Of the 87 patients randomized to stop nivolumab at 1 year, 43 (49%) had progressive disease after stopping, and 34 (79%) were retreated with nivolumab. In these 34 patients, the median time between documented progression and retreatment was 0.6 months. The median duration of retreatment was 3.8 months. Twelve of the 34 patients (35%) who underwent retreatment had progressive disease in target lesions only. In assessing tumor burden change in target lesions following retreatment, Spigel said, “There are some patients . . . who maintain benefit in the form of disease control even over several months.”
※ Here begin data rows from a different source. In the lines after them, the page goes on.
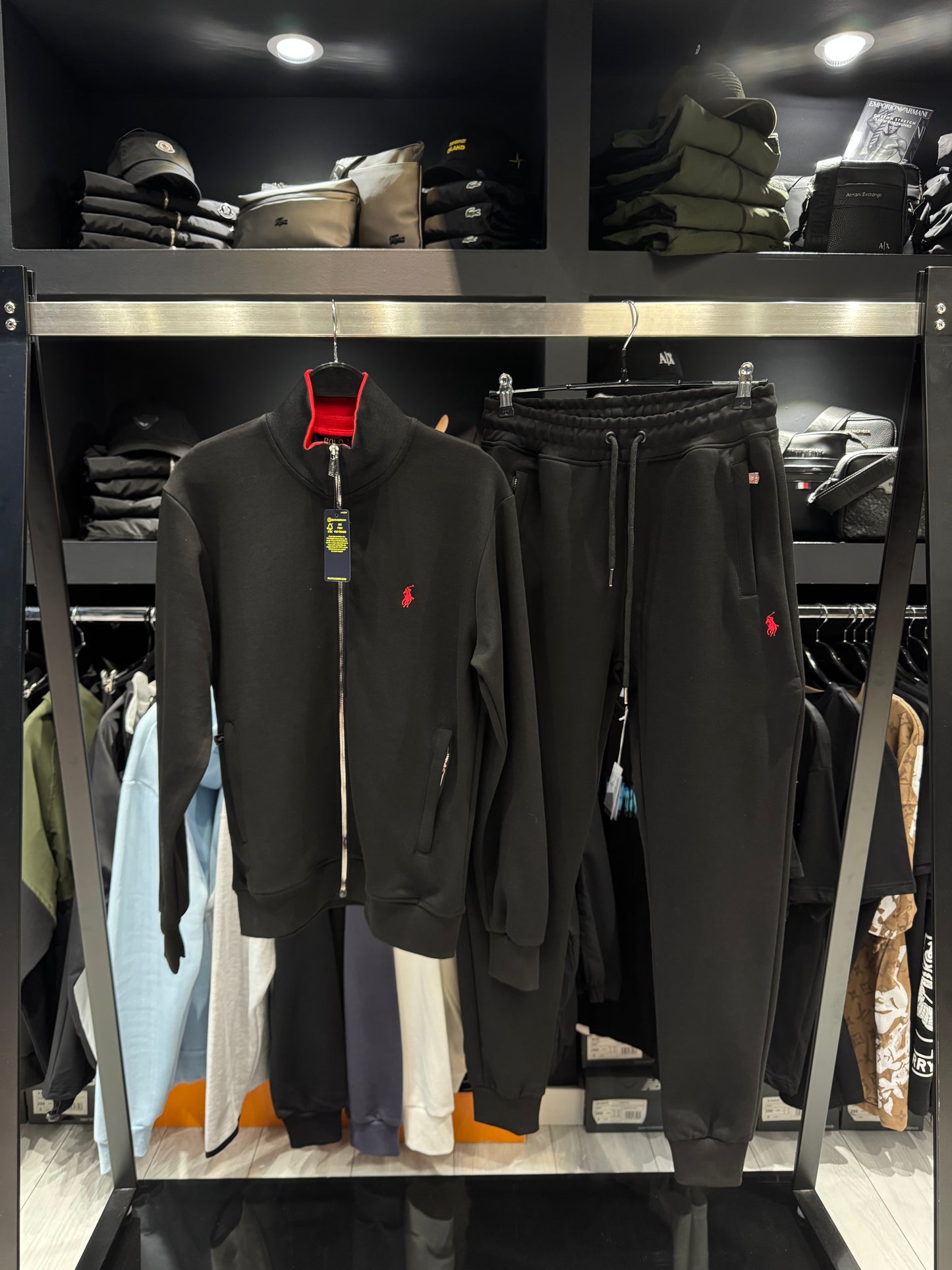 Polo Ralph Lauren Set Black / Σετ Μαύρο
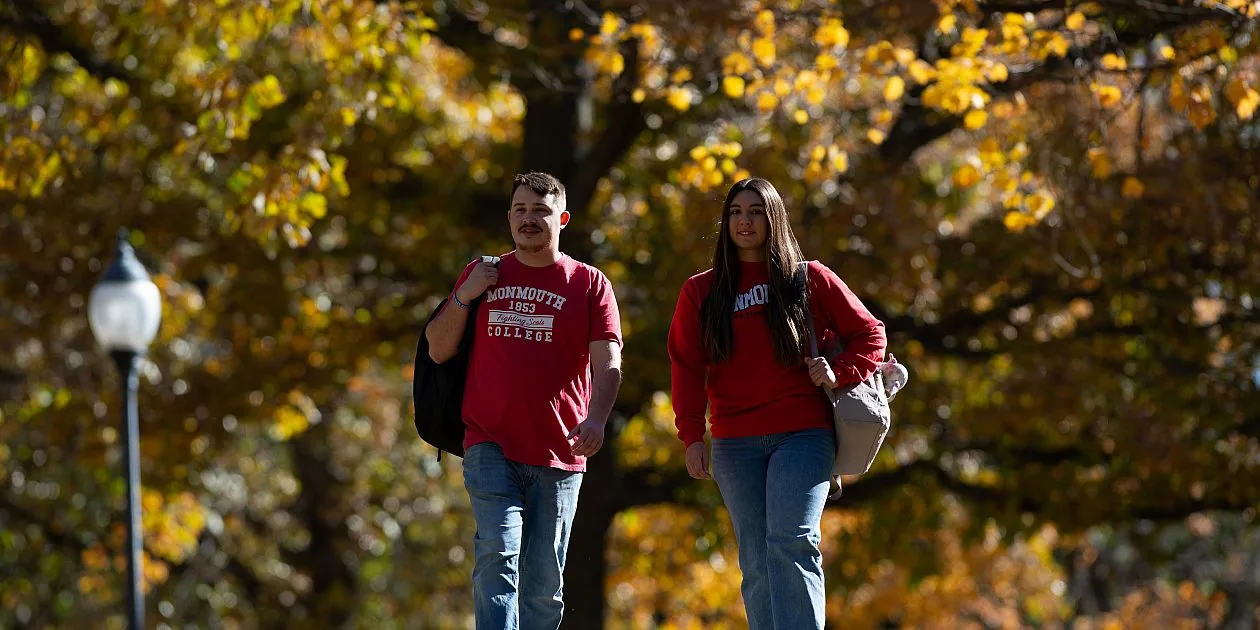 Monmouth College campus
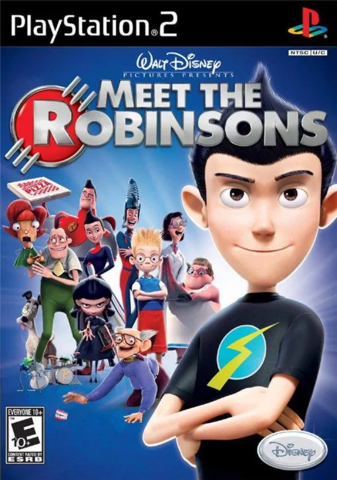 Disney's Meet the Robinsons (Playstation 2)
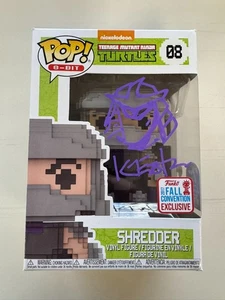 Funko Pop! 8 bits - TRITURADORA (Eastman Auto) - TMNT - Fall Con '17 - 08 - Imagen 1 de 7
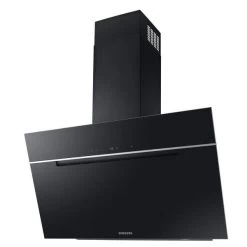 Hotte Décorative 90cm 585m3/h Noir - Nk36m7070vbur - SAMSUNG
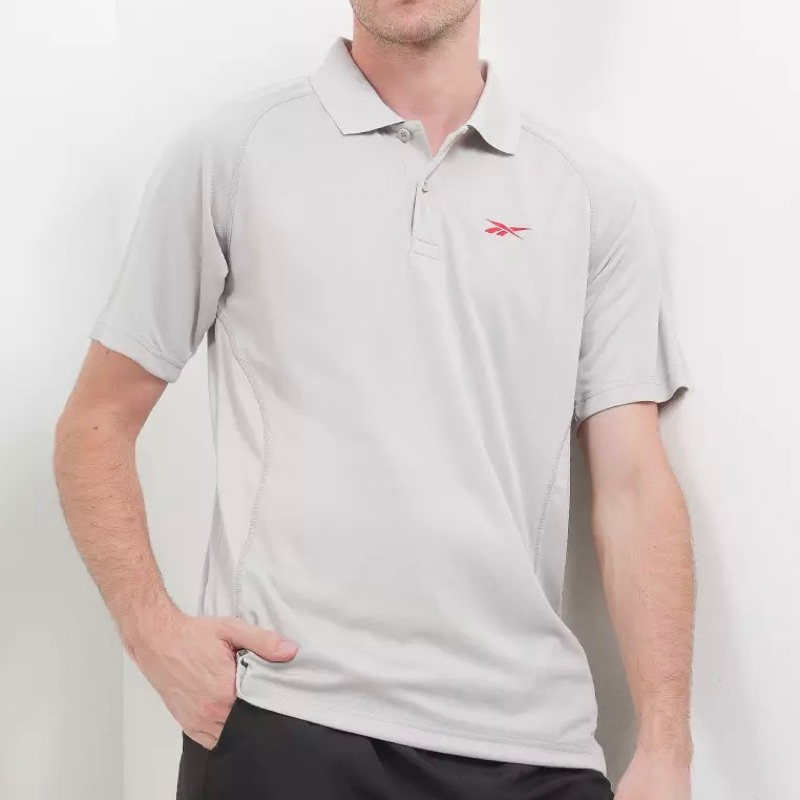 Jual BAJU REEBOK PERFORMANCE MENS POLO ORIGINAL | Shopee Indonesia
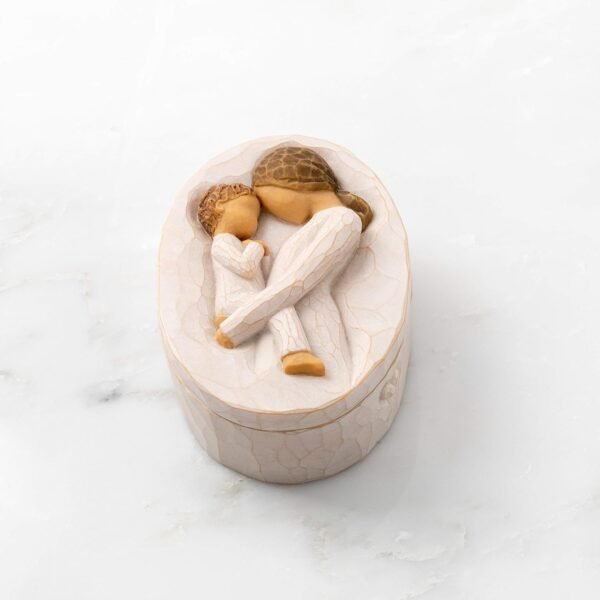 Willow Tree Tenderness, Treasuring a Quiet Moment ... - Image 3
Subsequent systemic therapy was administered to 29% of patients in the 1-year treatment arm and 13% in the continuous arm. Researchers observed a slightly higher rate of treatment-related adverse events (TRAEs) in the continuous treatment arm (39% vs 25%), as well as grade 3-4 events (8% vs 4%).

“There were few new-onset events after 1 year,” Spigel said. “There were no treatment-related deaths occurring in any of the patients in either arm. There were no new safety signals identified in either arm.”

The question of optimal duration of immune checkpoint blockade in NSCLC is too important to be left to exploratory endpoints, said discussant Martin Reck, MD, from LungenClinic Grosshansdorf, Germany. He said the issue should be addressed in a prospective randomized trial with adequate statistical design.


Spigel D, McLeod M, Hussein M, et al. Randomized results of fixed-duration (1-yr) vs continuous nivolumab in patients (pts) with advanced non-small cell lung cancer (NSCLC). Presented at ESMO 2017 Congress; September 8-12, 2017; Madrid, Spain. Abstract 1297O.